And by people like me, I mean women. I didn’t see women run anywhere other than my high school’s track. TV coverage of running was mostly limited to the Olympics, and marathons were condensed for broadcast. So even if I caught sight of women distance runners, they weren’t on TV for long. Today, according to Running USA, women make up 57 percent of all U. S. road race finishers, but then? They only dented the sport’s fender. Just 26 percent of marathon finishers were women in 1995, and women didn’t even have their own Olympic marathon when I was born (that came in 1984 when Joan Benoit Samuelson, with her brown short hair plastered to her face by sweat and white painter’s cap in hand, leapt across the finish line in Los Angeles to show that not only could a woman run long distances without passing out, but also that she wouldn’t leave her uterus on the track behind her).
Still, running should have appealed to me.
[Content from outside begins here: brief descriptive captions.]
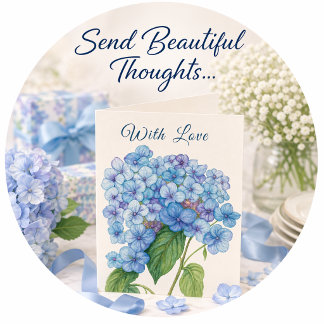 Blå Hortensia Akvarell Blommig Välkomstkort Kort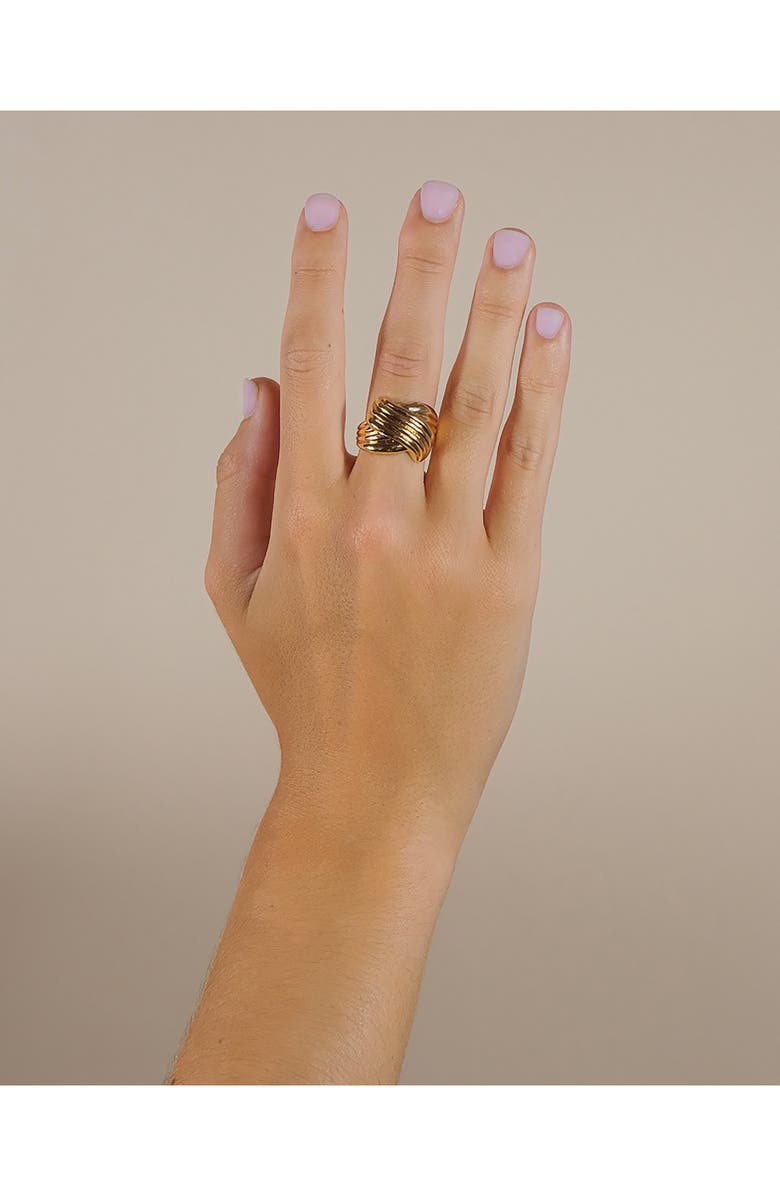 Sterling Forever Pli Ring, Alternate, color, Gold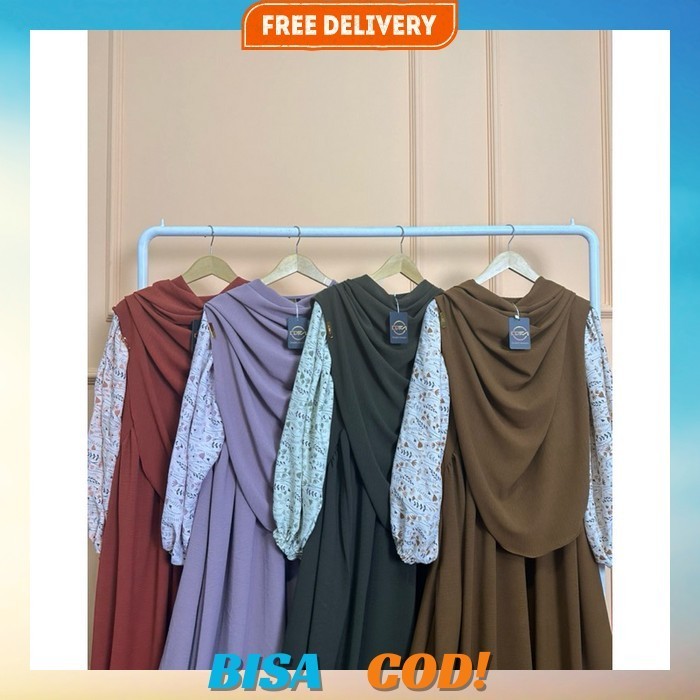Cod✔️ Terbaru Gamis Abaya Turkey Busui/ Abaya Arab Hitam Jenna Jersey Mix Ceruti Bordir Mote Swarosk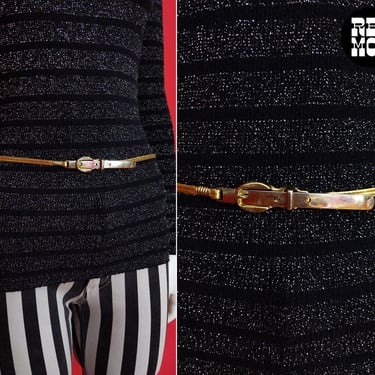 Cute Vintage 70s 80s Gold Skinny Metal Stretch Belt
I enjoyed activities that were so boring they blanked my mind, like the solo walks I took on the beach in the summer, and weeding. I didn’t mind cutting the lawn, not just because I made $20 for doing so, but because it was monotonous. I’d spend the time making up short stories, usually about a poor but not impoverished girl saved from an always-tense family by a handsome man who may or may not have looked like Prince Eric from The Little Mermaid.
But running? Never. Why in the world would I want to run just to run? Boring.
Which brings me back to that couch reading about whatever mischief those perfect size sixes Jessica and Elizabeth Wakefield were up to in that particular Sweet Valley volume. Of the four Miller kids, I was the most athletic, which is why I was pressed to condition while my two brothers played video games in the family room and my sister locked herself in her bedroom to mimic looks from YM and Seventeen and belted along to the soundtrack of Newsies.
“Go. Now,” my father said, nudging me with his foot.
He was not a man to be defied. By the time I was old enough to form memories, I knew my parents as a couple always on the brink of another fight so loud that I’d hide in my room. They’d been high school sweethearts and married after my father finished college. Mom took night classes but didn’t finish because that’s not what women in her strict Catholic family did when there was the possibility of marriage and babies on the horizon. She had four kids by the time she was thirty-one. When my father hinted he wanted a fifth, she had her tubes tied.
When Mom started a part-time job working for a financial planner, this became the axis around which many of their fights turned, and they launched at each other with gusto (my mother might have been at a disadvantage because she was financially dependent on my father, but she had an Italian temper and a spine of titanium and could more than hold her own). My dad said she didn’t need a job and that it looked bad that his wife worked. She said she wanted to work and he should let her. But she wasn’t there during the day to scrub the kitchen floor, clean the bathrooms, or do the laundry at perfectly timed intervals, which threw him into a rage, which threw her into a rage right back, which in turn sent toys flying out the back door and me into my room to blast Meat Loaf on my Walkman and bang on a manual typewriter to get down my latest Prince Eric-inspired story.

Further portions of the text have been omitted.